Author - Serena Wolf
Prep Time: 15 minutes
Cook Time: 15 minutes
Yields: 4 servings

Ingredients

  • ¾ cup uncooked quinoa
  • 1 cup grated carrots
  • 4 large radishes thinly sliced
  • ½ medium English cucumber or any seedless variety, thinly sliced
  • 1 avocado sliced or chopped
  • 5 ounces baby arugula about 5 cups

For the dressing:

  • Juice of 1 lemon
  • 3 tablespoons extra virgin olive oil
  • 1 tablespoon Dijon mustard
  • 1 teaspoon honey
  • ½ teaspoon kosher salt
  • Pinch of cayenne pepper optional

Instructions

  • Cook the quinoa according to the package directions. Set aside and allow it to cool to room temperature.
  • Using a mandolin or sharp knife, finely slice the radishes and cucumbers.

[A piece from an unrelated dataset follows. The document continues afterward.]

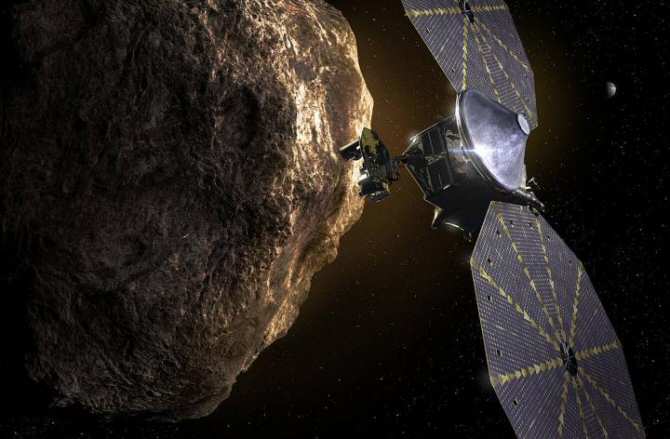 Misión a los intrigantes asteroides troyanos con cápsula del tiempo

Grate your carrots if using whole carrots. (You can obviously use store bought grated carrots to save time). Wait to slice your avocados until just before serving, since they brown quickly.
  • In a small bowl, combine all of the ingredients for the dressing and mix well.
  • Time to assemble your salad! You have two options, both of which are awesome: Place all of the salad ingredients in a large bowl and toss with the dressing. (This is obviously the easier method.) Toss the arugula with the dressing. Divide the arugula among 4 plates. Top the arugula with ½ cup quinoa. Arrange the cucumbers, carrots, radishes, and avocado around the quinoa. This looks fancier (see below), but the choice is yours.